Notice that the `print` statements from each worker are not printed sequentially. This is because each CPU is working independently and the output is spit out when then the CPU is done. The GIL makes sure that the output from each worker doens't get mixed up, but because this is a relatively small computation for a CPU, there is not enough time delay between tasks for Python to print each output from a worker. 

But if you have each CPU cruch a lot more data, then each worker will will be slowed down enough that the outputs get printed sequentially. Below is a an example where we convert the data from c to f 40 times, to show you what a bigger job looks like.
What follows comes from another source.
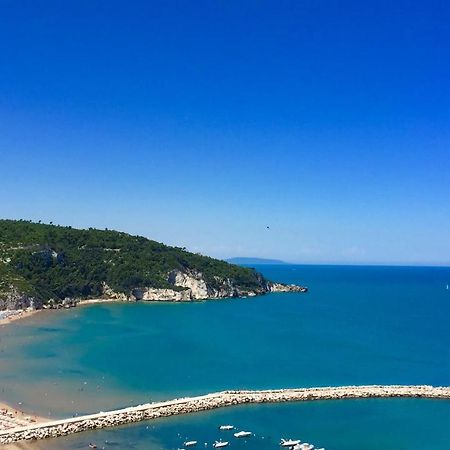 La Maisonnette Peschici Bagian luar foto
But we are only going to run this on 4 cpus and the first 30 files (e.g. `fns[:30`) as an  example.

In [None]:
def avg_slow(fn):
    
    "Function takes a global heat index raster, coverts the data from C to F, and caluclates the average of the value for that raster, assuming NaN = -9999" 
    
    # you can print your work id
    # print(multiprocessing.current_process())  # for now, we'll leave this commented out
    
    # Get the date
    date = fn.split('data/2016/')[1].split('.tif')[0]


    # Conver the data from c to f 10 times to slow everything down   
    for i in list(range(40)):
        
        # open the array in c
        arr_c = rasterio.open(fn).read(1)
        
        # covert c to f, using np where so we keep the -9999 values
        arr_f = np.where(arr_c != -9999, C_to_F(arr_c), -9999) # this says, where arr_c does not equal -9999, covert data from c to f, but everwhere else write -9999
    
    # get the daily global average maximum heat index 
    land_f = arr_f[arr_f != -9999] # drop all ocean -9999 values
    avg_f = land_f.mean()
    
    # print('On', date, 'the global average heat index was', round(avg, 2), '°F \n')
    print(multiprocessing.current_process(), date, avg_f)

In [None]:
# Clock it
start = time.time()

# set up your pool of works, in this case we have 4 
n_cpus = 4 
pool = Pool(processes = n_cpus)

# map the function and the arguments to the pool of works, in this case avg_fast and the list of files
pool.map(avg_slow, fns[:30])

# shut down your pool of workers
pool.close()

end = time.time()
print('Time:', end-start)

<hr style="border-top: 1px solid gray; margin-top: 24px; margin-bottom: 1px"></hr>

# Dask & Xarray 

[`python multiprocessing`](https://docs.python.org/3/library/multiprocessing.html) is a great package to use if you want to crunch a bunch of files in parallel. You can even `chunk` datasets and feed lists of chunks to your `Pool` to process data in parallel. But things get more complex when you want the outputs of each CPU's tasks to talk with each other. 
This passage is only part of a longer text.